** Source records follows **

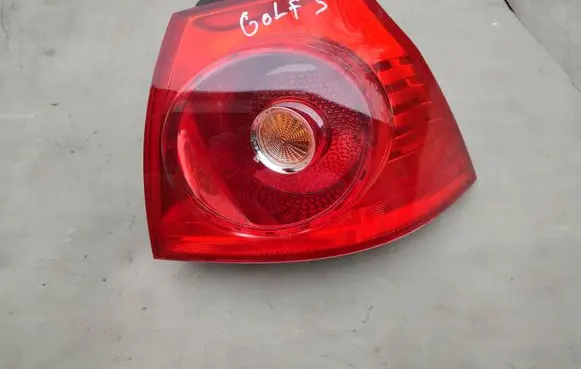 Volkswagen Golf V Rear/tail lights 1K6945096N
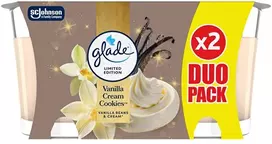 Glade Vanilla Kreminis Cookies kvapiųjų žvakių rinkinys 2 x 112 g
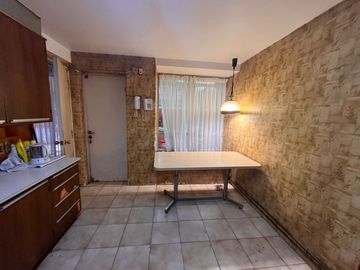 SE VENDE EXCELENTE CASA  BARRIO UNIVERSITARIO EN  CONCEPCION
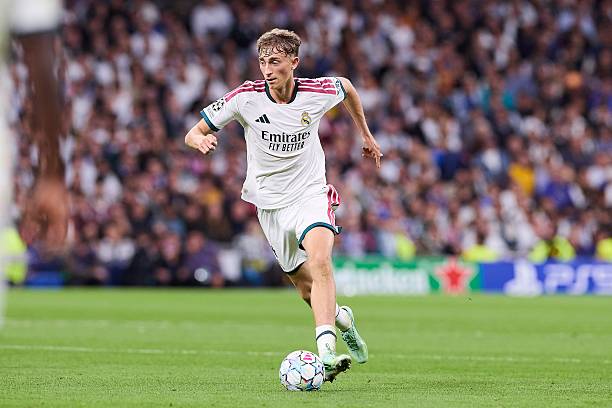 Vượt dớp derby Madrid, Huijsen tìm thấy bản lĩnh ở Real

** End of Source records **
** Source records follows **

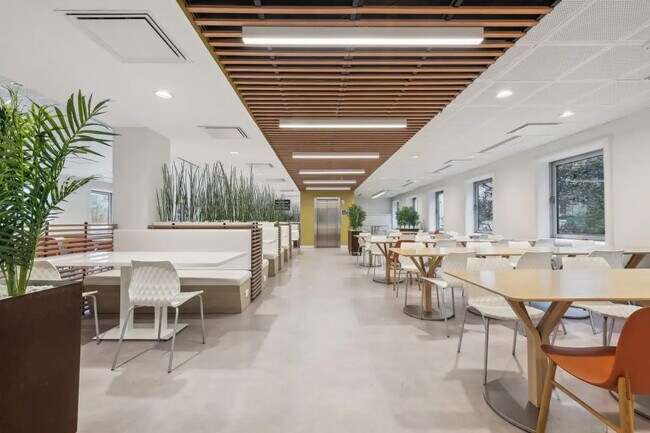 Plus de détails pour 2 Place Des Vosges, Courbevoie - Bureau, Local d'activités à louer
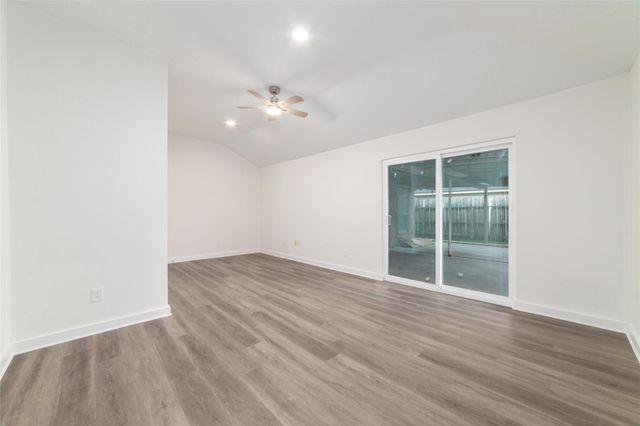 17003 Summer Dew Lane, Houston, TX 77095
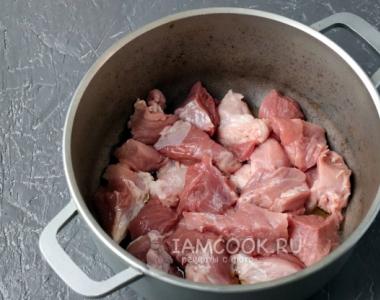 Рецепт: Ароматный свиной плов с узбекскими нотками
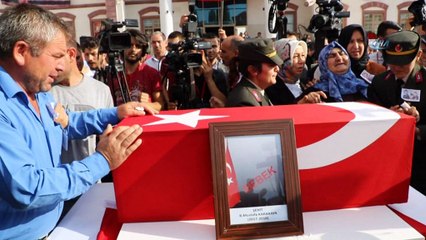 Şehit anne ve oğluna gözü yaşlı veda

** End of Source records **

Your assignment » Pictures excluded, transcribe the listing above exactly from the line with "17003 Summer Dew Lane, Houston, TX 77095" through the line with "Şehit anne ve oğluna gözü yaşlı veda", and no further.

Solution for this task »
 17003 Summer Dew Lane, Houston, TX 77095
 Рецепт: Ароматный свиной плов с узбекскими нотками
 Şehit anne ve oğluna gözü yaşlı veda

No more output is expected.